By "fuel input line", I'm going to assume you mean the line from the pump to the rail (well, filter in between, too). I would call this the "feed" line, but that may not be the "official" name.
Anyway, the fuel input line is bigger than the return line because much of the fuel sent from the tank will be lost through the injectors, and only the surplus will need to pass through the return line. So, suppose the input line can flow 4L / minute, and the injectors shoot out 2L in a minute, you'll probably need a return line that can flow 2L / minute (the remainder). It's probably a bit more complicated, but that's the general idea.
If the AFPR/return line combination can't return the "correct" (adequate) amount of unused fuel, there are two counter-actions:
1) The fuel pressure will go up, and the injectors will be forced to allow more fuel to pass through them per "squirt".

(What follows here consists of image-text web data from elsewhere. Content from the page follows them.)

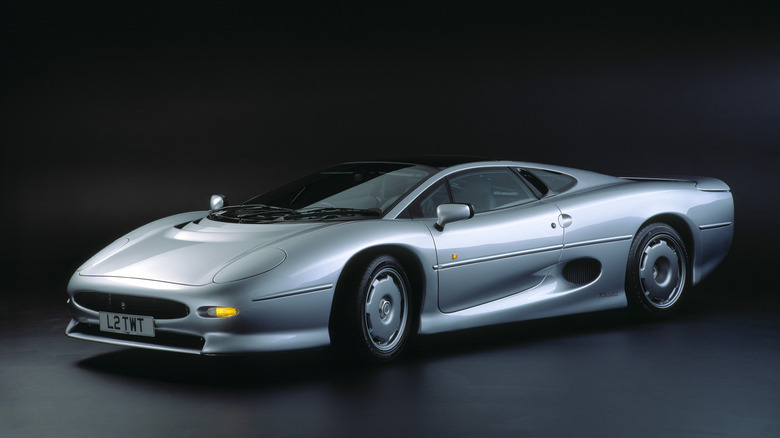 Jaguar XJ220
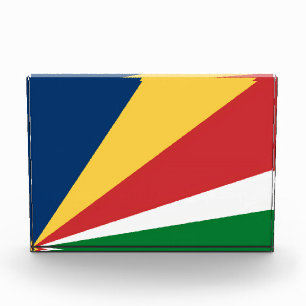 Award with Seychelles Colors Design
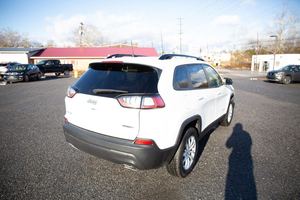 CHEROKEE LATITUDE LUX 2022 USADO EN EXCELENTES CONDICIONES, SUV 4WD, INTERIOR BLANCO, TRANSMISIÓN AUTOMÁTICA DE GASOLINA DE 9 VELOCIDADES, TRACCIÓN EN LAS CUATRO RUEDAS - Product Image 5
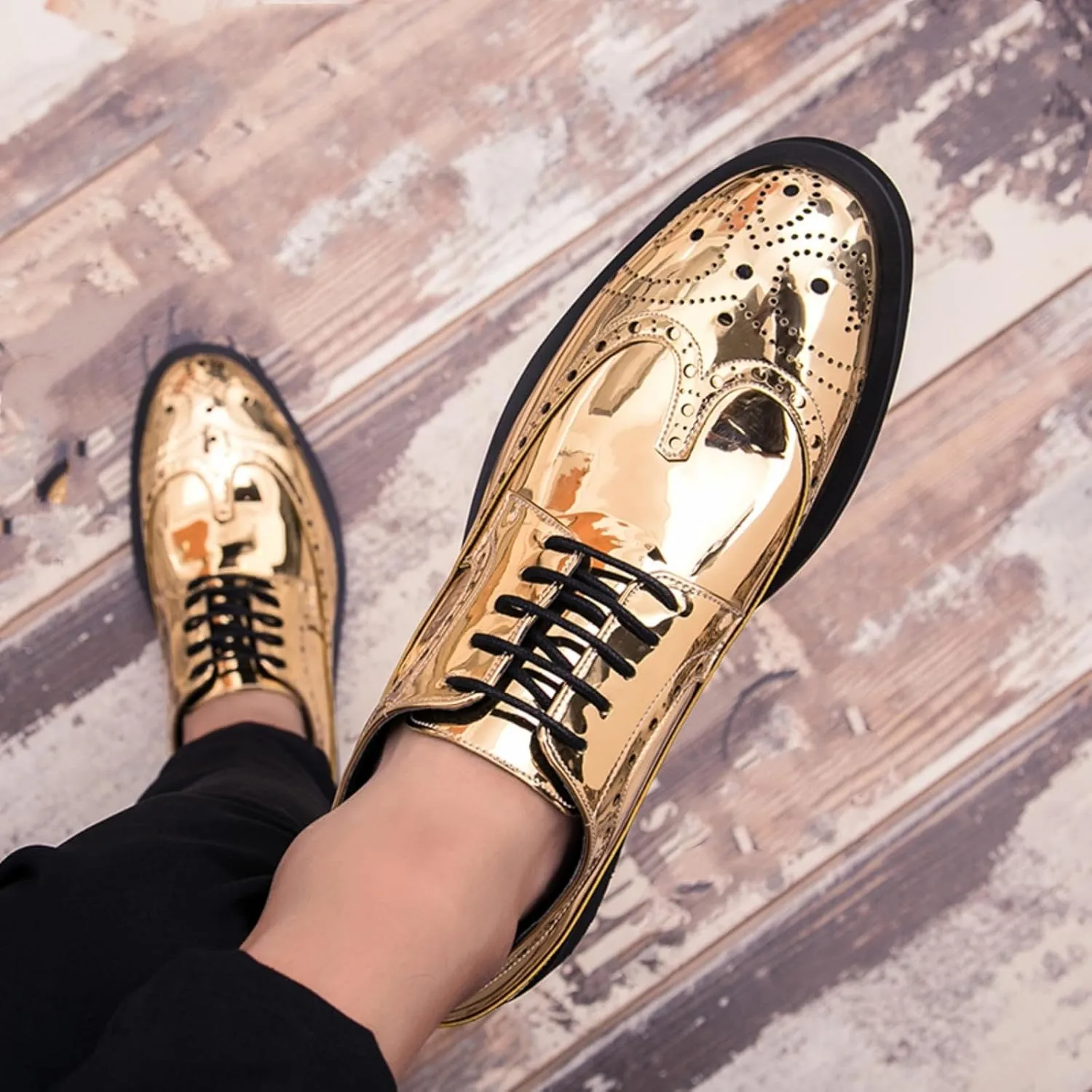 Men's Sparkle Patent Leather Brogue Wingtip Lace Up Dress Oxford Shoes Tuxedo Modern Round Toe Slip On Derby Shoes for Wedding Evening Party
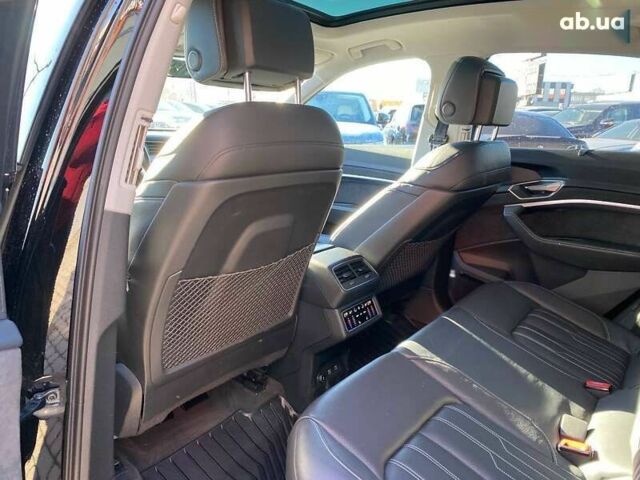 Ауді E-Tron, об'ємом двигуна 0 л та пробігом 61 тис. км за 36500 $, фото 22 на Automoto.ua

2) The fuel pump motor will be reduced in efficiency, heat up, and burn out (over a long period of time, probably). The opposite effect can be observed with a vacuum cleaner: plug the "sucking end" completely, and you'll hear the motor's RPM decrease as it strains to fight the increased vacuum (in the car's case, it would be increased pressure, but both amount to a form of physical resistance). The motor will begin to heat up as well.*
Chances are, you'll get a combination of the two things... when all injectors are closed, the fuel pump will be strained; when open, an injector itself will be stressed from the pressure, and you may have problems... but probably not until very high pressures (90 PSI). The other potential problem is decreased fuel efficiency caused by injectors passing more fuel than necessary. But it's better than running too lean.
- b.
* Why will an electric motor burn out when contending with massive physical resistance?
A typical motor will have a few coils of wire that act as electromagnets, and they are activated in sequence by contacts mounted on the motor shaft itself. An active coil will magnetically coax the motor to turn part of a revolution, switching the contacts and activating the next coil, which will cause further turning, and so on. Now, the coils are just big loops of wound wire; not too much resistance, and high-current in large motors. The wire in the coils gets hot as it tries to dissipate the excess power (measured in Watts; this power lost as heat can be used to calculate the motor's efficiency). Anyway, in a three-coil motor, as long as the motor keeps turning, each coil is only passing current 1/3 of the time, but dissipating heat all the time. No problem. But when you force the motor to run really slowly (in other words, when the physical load on the motor is too large), each coil stays active longer during a cycle, heating up to "unsafe" levels. At some point, the excess heat will damage the coils (perhaps burning through the insulation on the wires -- usually enamel on bare copper -- causing a short, and reducing the coils ability to produce a strong magnetic field). Then the motor is "burnt out". Note: this is simply my understanding, and I welcome corrections.
[Edit] Fixed some wording and some mismatched parentheses. I'm German; I'm pedantic. Sue me.